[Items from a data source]

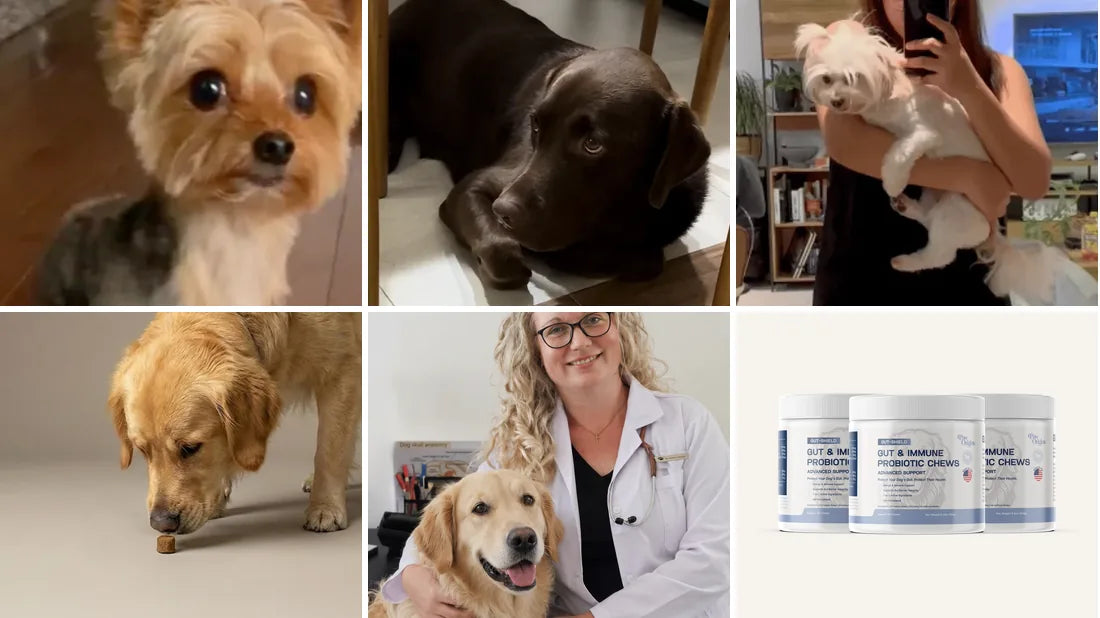 Gut-Shield customers' dogs and Dr. Dench
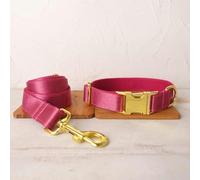Collier pour Chien Unique, Pratique pour Promener Le Chien, Accessoire de Laisse pour Petit, Moyen et Grand Chien, 5 Tailles - Ensemble Collier et Laisse pour Chien - XL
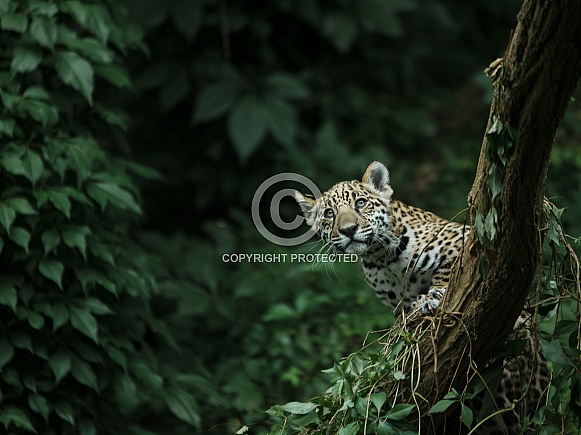 Jaguar cub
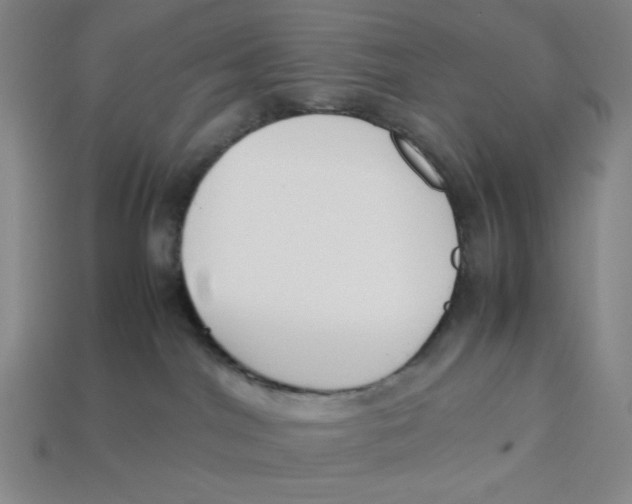 X0000113350044200910131249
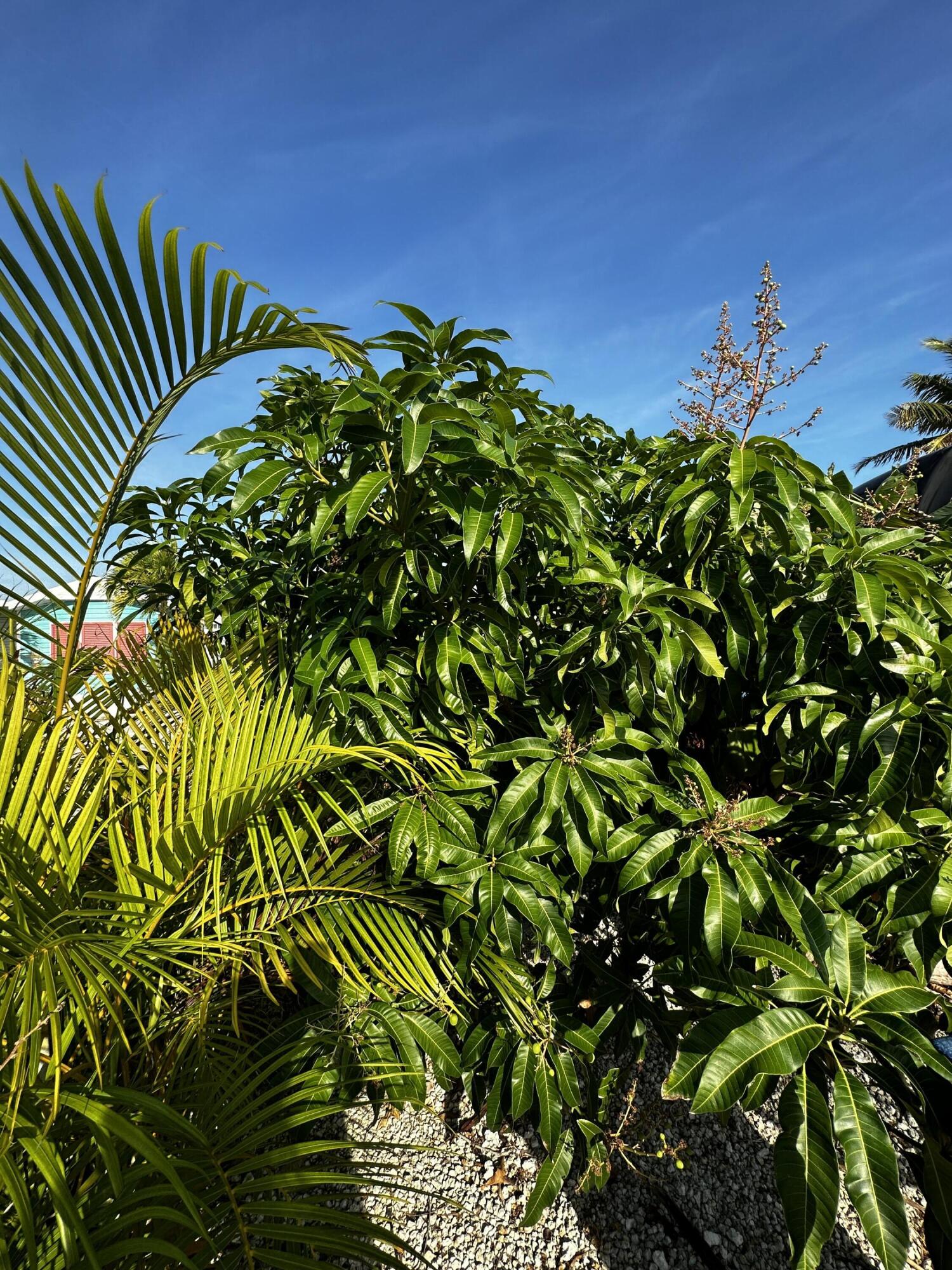 701 Spanish Main Drive Unit: 240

## [Exercise aim]
Each record above should be returned unchanged, except that the pictures are dropped.

## [Response to this task]
 Gut-Shield customers' dogs and Dr. Dench
Collier pour Chien Unique, Pratique pour Promener Le Chien, Accessoire de Laisse pour Petit, Moyen et Grand Chien, 5 Tailles - Ensemble Collier et Laisse pour Chien - XL
 Jaguar cub
 X0000113350044200910131249
 701 Spanish Main Drive Unit: 240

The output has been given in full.